'Ask Dr. Ruth' profiles America's sex therapist extraordinaire

Size doesn’t matter — in more ways than one.

Ruth Westheimer is exactly 4 feet, 7 inches tall.

“Short people make the best lovers,” she jokes. “When it comes to sex, the most important six inches are the ones between the ears.”

In the entertaining new documentary “Ask Dr. Ruth,” which opens Friday at the cozy little Row House Cinema in Lawrenceville, director Ryan White chronicles the extraordinary life of a Holocaust orphan who became America's most beloved sex therapist — a kind of godmother to its sexual revolution. White captures her playful spontaneity and quick wit.

“Alexa, am I gonna get a boyfriend?” she asks a new smartphone device at the film’s outset and delights in Alexa’s response: “Sorry, I don’t know that.” But as the narrative shifts between the sunny present and traumatic childhood, her natural lightheartedness gives way to serious reflections on the losses and upheavals in her life.

'Ask Dr. Ruth'

 

 

  • Starring: Dr. Ruth Westheimer.
  • Rating: Unrated but PG-13 in nature for sexual subject matter.

As 10-year-old Karola Ruth Siegel in Frankfurt, her last memory of her father was seeing him arrested and taken away the morning after Kristallnacht in 1938. Two months later, she was sent to an orphanage in Switzerland by her mother as part of the Kindertransport.

After the war, she emigrated to Palestine where she joined the Haganah (forerunner of the Israel Defense Forces) as a scout and sniper (“I never killed anybody, but I know how to throw hand grenades and shoot.”) She was seriously wounded in action by an exploding shell in 1948 during the Israeli independence struggle and, upon recovery, moved to Paris to study — and later teach — psychology.

Thence, in 1956, she went to New York and earned advanced degrees at the New School and Columbia University.

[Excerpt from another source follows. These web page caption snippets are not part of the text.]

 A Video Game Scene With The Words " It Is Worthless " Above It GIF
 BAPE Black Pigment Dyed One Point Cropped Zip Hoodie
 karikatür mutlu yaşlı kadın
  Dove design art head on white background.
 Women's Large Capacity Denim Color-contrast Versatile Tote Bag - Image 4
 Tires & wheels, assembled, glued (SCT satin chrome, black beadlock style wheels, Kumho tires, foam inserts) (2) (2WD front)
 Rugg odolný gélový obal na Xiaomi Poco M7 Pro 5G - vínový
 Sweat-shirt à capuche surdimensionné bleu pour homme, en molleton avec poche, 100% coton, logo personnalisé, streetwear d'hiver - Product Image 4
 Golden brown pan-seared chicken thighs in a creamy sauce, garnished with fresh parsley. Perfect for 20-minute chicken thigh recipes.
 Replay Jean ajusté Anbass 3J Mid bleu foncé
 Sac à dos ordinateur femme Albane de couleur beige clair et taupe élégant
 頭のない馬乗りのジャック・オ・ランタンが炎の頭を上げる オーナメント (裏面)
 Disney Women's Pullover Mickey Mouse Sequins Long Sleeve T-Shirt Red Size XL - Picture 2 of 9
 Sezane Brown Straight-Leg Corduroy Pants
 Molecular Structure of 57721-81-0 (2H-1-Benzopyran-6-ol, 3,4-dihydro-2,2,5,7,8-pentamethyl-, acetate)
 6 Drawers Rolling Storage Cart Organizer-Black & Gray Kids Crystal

The storied media career began in 1980 with her controversial WYNY-FM radio show “Sexually Speaking” — the nation’s first — which ran for a decade and served as a springboard for her half-dozen television shows on the Lifetime et al cable channels and some 40 books on sex and sexuality.

“Say the words!” (vagina, clitoris) she tells the embarrassed Johnny Carson and Arsenio Hall. And to her callers: “Don’t just sit there and suffer — DO something about it!” with a hearty laugh, in a voice once described as “a cross between Henry Kissinger and Minnie Mouse” and an accent so thick you need an electric carving knife to cut it.

There’s no such word as “frigid,” she declares. “Show him how you like to be touched! Women have to take the initiative and be responsible for their own satisfaction.”

It was a revolutionary idea at the time. Before Ruth, says Gloria Steinem, “I never heard women tell the truth about sex in public in my life.”

Charming scenes with her articulate children Miriam and Joel are incorporated, and a fine moment in which her granddaughter gently chides her about not being a feminist. The director employs a device I’m not fond of — animated enactments — but with restraint, to complement the storytelling.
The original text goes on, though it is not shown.